A common task that can be automated via arcpy is transforming geodatabase data and schemas. We may want to use FieldMappings, add or remove fields, and calculate new values derived from existing fields; all of these operations can be test-driven.

In this example, we’ll test-drive a very simple feature: Adding a new field, and populating it with the sum of two other fields.

Test Fixtures

While arcpy exposes methods to create a new feature class and insert records, this can become difficult to maintain for large numbers of tables with many fields. Another approach is to use a fixture.

Our fixture will be a file geocodatabase (FGDB); this database will hold known data that will be used by our tests. Since a FGDB is just a directory, we can check it into our project and manage it just like any other test files.

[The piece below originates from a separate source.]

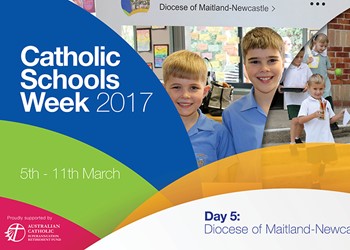 Catholic Schools Week 2017 - Day 5 IMAGE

When creating a test fixture, we want to use the minimum set of data needed to prove out our logic; in practice, this usually means tables with one or two rows–we’ll be running the tests many, many times, so we want them to be as fast as possible!

Note: ArcMap may lock the database if we have it open; because of this, it’s a good idea to add .lock files in the test data directory to your .gitignore file.

Because we need a FGDB to hold our fixture data, the tests are not true unit tests, since they’re still coupled to the filesystem. We can keep this coupling as loose as possible, by copying the fixture data into an in-memory workspace before each test.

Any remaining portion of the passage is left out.